Limiting Commission Discretion in EU Funding Conditionality
Protecting Conditionality Under the Next EU Budget
When the Commission sets the criteria for releasing EU funds, can it later decide not to follow them? Advocate General Ćapeta’s Opinion in Parliament v Commission observes that the Commission prematurely released funds despite Hungary not fulfilling many pre-established conditions. The Commission itself had set these criteria. This is part of a broader pattern of conditionality compliance not always being taken particularly seriously, as seen also in relation to enlargement.
Limiting discretion and boosting accountability are two ways to address this problem. This matters especially because the Commission’s proposal for the National and Regional Partnership Plans (NRPP) Regulation leaves important gaps in its new conditionality mechanisms.

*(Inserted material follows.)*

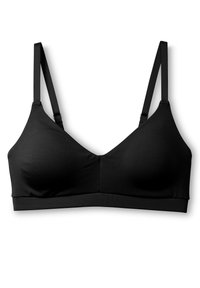 Niet geselecteerd, black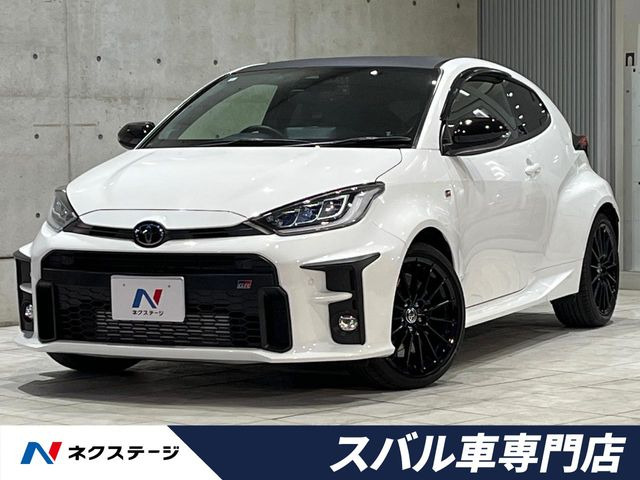 GRヤリス 1.6 RZ 4WD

Commission discretion and the standard of judicial review
The degree of discretion afforded to the Commission in assessing compliance with horizontal conditions is crucial. It determines whether the Court can conduct a full or more limited review of the Commission’s relevant act. A full review implies that findings of mere errors of assessment are sufficient to trigger annulment. By contrast, manifest errors of assessment are necessary where the Commission enjoys discretion. This distinction therefore goes to the institutional balance between the Commission and the Court. Where Commission discretion is broad, judicial review becomes largely deferential; where it is narrow, the Court effectively becomes the ultimate guarantor of compliance.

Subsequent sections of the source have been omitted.